Inevitably, we are asked how long we think it will be until enforcement takes place. Our response is that enforcement will take place when compliance oversight is driven from the top down.
Based on DoD’s May 23rd announcement, that’s exactly what’s happening. The good news is that the initial solution appears to be palatable.
In January of this year, Under Secretary for Defense Ellen M. Lord communicated her intent to audit the DoD supply chain for compliance to DFARS clause 252.204-7012.
Later that month, during a hearing of the Senate Armed Services Committee, DoD CIO Dana Deasy suggested that compliance enforcement would be modeled after industry and could include a combination of validating certification of supplier systems, helping subcontractors strengthen their cyber hygiene and applying AI to identify areas of the greatest vulnerability.
Last month’s announcement of the Cyber Security Maturity Model Certification (CMMC) is the result.
What makes this so interesting (and hopeful) for those of us at Tripwire is that, with the CMMC, DoD appears to be addressing our customers’ core compliance pain points:
- Varying standards – It’s not always easy to read and/or interpret the DFARS standards. Under the new CMMC compliance, there will be ONE unified DoD cybersecurity standard that combines NIST SP 800-171, NIST SP 800-53, AIA MAS 9933, FIPS and others. In other words—one standard, one maturity model.
- Varying levels of security – CMMC requirements will not be “all or nothing.” There will be a range of CMMC compliance. RFPs will reflect what level is needed by DoD for each contract.

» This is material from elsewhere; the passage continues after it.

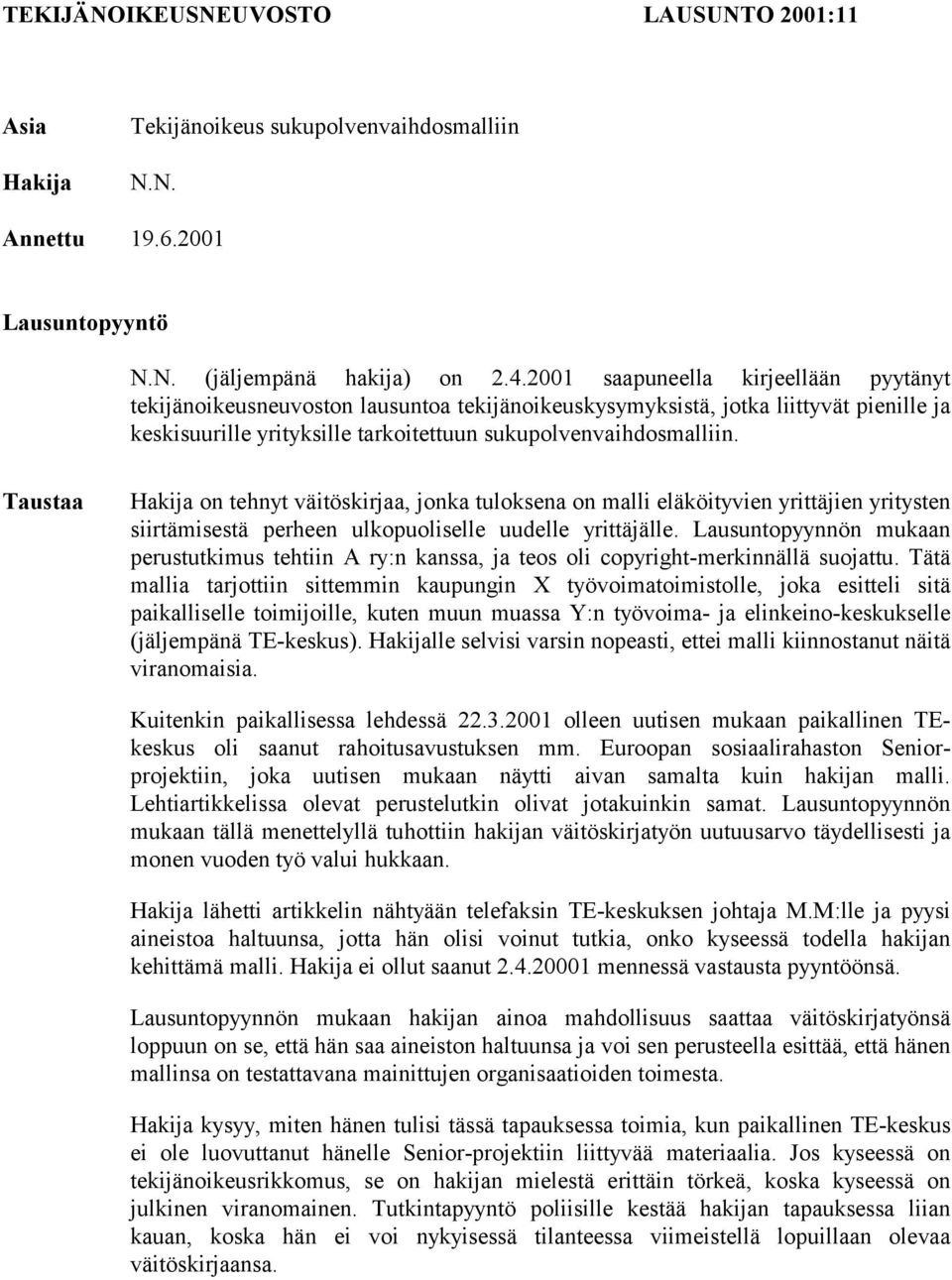 Taustaa Hakija on tehnyt väitöskirjaa, jonka tuloksena on malli eläköityvien yrittäjien yritysten siirtämisestä perheen ulkopuoliselle uudelle yrittäjälle.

- Affordability – Security will now be an allowable cost on DoD contracts.
- Supply chain verification – CMMC third-party certifiers will have the tools able to conduct audits and collect metrics and risk management information for the entire supply chain.
The CMMC appears to be a strategic and well-thought-out solution to prioritizing DFARS enforcement, while at the same time, helping small businesses improve cyber hygiene and slowing the progress of those adversaries responsible for $600B of the government’s IT and R&D losses.
A bite-sized approach to compliance will give our customers hope that they can in fact comply and continue winning the government’s business.
In the meantime, we will be awaiting DoD’s release of CMMC’s first draft this June and will be providing our feedback as requested by the Office of the Assistant Secretary of Defense for Acquisition for Cyber across A&S.